Mais quand on voit les textes des engagements des talibans, notamment sur la question très symbolique des droits des femmes, ils restent extrêmemen vagues. C’est d’un flou absolu! Ils défendent une rhétorique plus rassurante, mais on n’a aucun indication sur la façon dont cela se passerait de manière concrète. La gouvernance talibane, ce sont des femmes voilées de la tête au pied, qui ne peuvent absolument rien faire. Le maintien de certaines avancées obtenues ces dernières années risque d’être compromis.

C’est un abandon de la communauté internationale? Avec le risque de créer un vivier de radicalisme et de terrorisme?

De mon point de vue, oui, on abandonne purement et simplement l’Afghanistan. Il n’y a pas d’autre mot que ça.

L’opinion publique occidentale ne comprenait plus cette opération. Les dirigeants ont répondu à cette demande en retirant les troupes. Oui, c’est un abandon.

En reprenant le pouvoir, les talibans vont potentiellement rétablir un territoire qui pourrait servir de sanctuaire à d’autres groupements terroristes. Les talibans eux-mêmes ne sont pas une menace terroriste pour les pays occidentaux, ils ont un objectif national en Afghanistan. Mais on pourrait arriver à une situation à ce pays serve de sanctuaire pour Al Qaida qui est toujours là, une branche de l’Etat islamique présente sur le terrain, des groupes qui ont des liens avec eux.

Tous les pays voisins tendent la main aux talibans parce qu’ils n’ont pas d’autre choix. Ils craignent un scénarion similaire au passé.

Le contexte géopolitique est précaire, en outre, avec le conflit syrien, le rôle ambigü de la Turquie…

Tout à fait. La donne géopolitique a changé et les talibans le savent pertinemment bien. Eux n’ont pas changé leur idéologie, mais ils sont capables de s’adapter, comme quand le numéro deux des talibans rencontre le ministre chinois des Affaires étrangères ou quand ils sont en lien avec l’Iran chiite. C’était inimaginable il y a vingt ans. On ouvre ses portes-là parce que ces pays n’ont pas d’autre choix.
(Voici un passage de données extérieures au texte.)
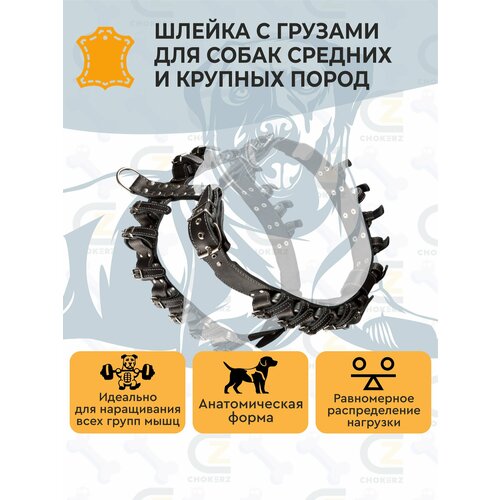 фото Шлейка для собак/ шлейка кожаная с утяжелителями (грузами) chokerz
La crainte d’une vague migratoire préoccupe l’Europe et la Belgique, à raison?

Pour nos pays, en Occident, ce sera le premier enjeu avant le terrorisme. En Belgique, les Afghans sont déjà la première nation parmi les demandeurs d’asile. On sait que l’on va avoir une vague migratoire massive en provenance de ce pays dans les prochains mois, que l’on ne sera pas capable de gérer.

C’est d’ailleurs ce qui a amené la Belgique à écrire à l’Union européenne en lui demandant de négocier un pacte avec Turquie, sur le mode de celui conclu pour la Syrie. Mais on ne peut pas systématiquement payer la turque pour qu’elle garde les réfugiés, ce n’est pas possible!

D’un point de vue politique et social, on doit absolument se préparer à gérer cette masse de réfugiés pour éviter un drame humanitaire similaire à ce que les Syriens ont connu.